» Task to complete:
Each entry is to be reproduced verbatim, and images are to be omitted.

» Given data:
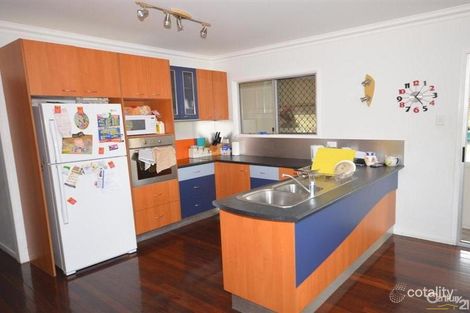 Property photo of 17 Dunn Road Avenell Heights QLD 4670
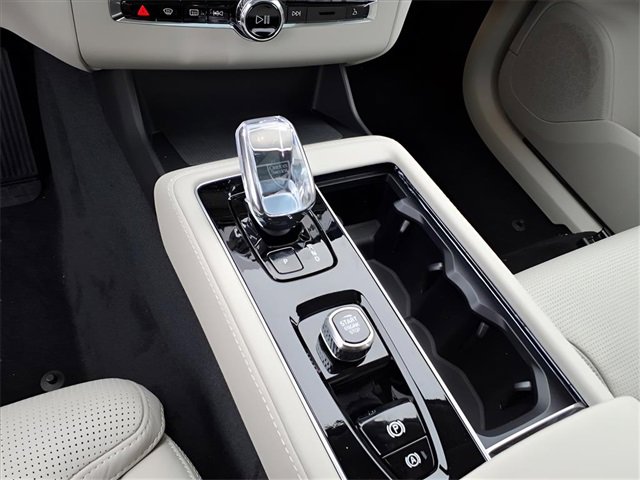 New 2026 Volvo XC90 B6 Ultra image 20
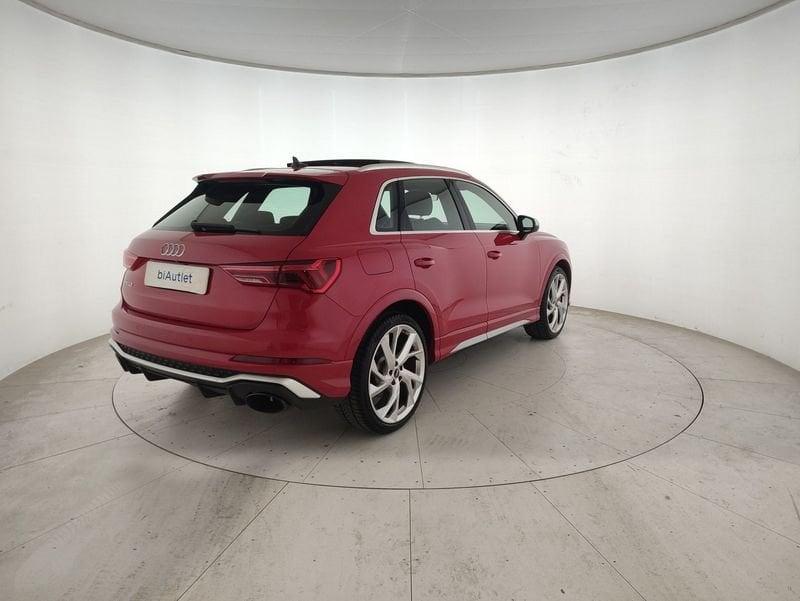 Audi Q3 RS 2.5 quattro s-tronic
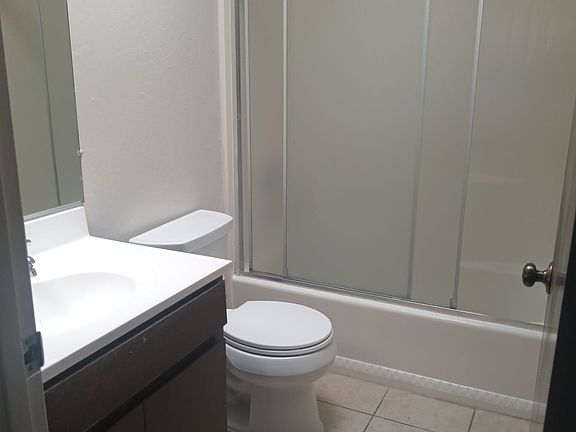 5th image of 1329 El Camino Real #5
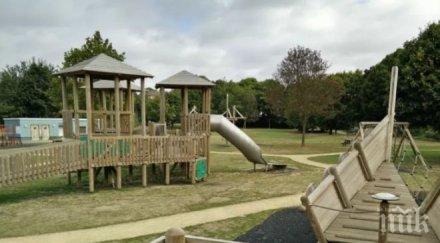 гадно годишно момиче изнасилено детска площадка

» Output for this task:
 Property photo of 17 Dunn Road Avenell Heights QLD 4670
 New 2026 Volvo XC90 B6 Ultra image 20
 Audi Q3 RS 2.5 quattro s-tronic
 5th image of 1329 El Camino Real #5
 гадно годишно момиче изнасилено детска площадка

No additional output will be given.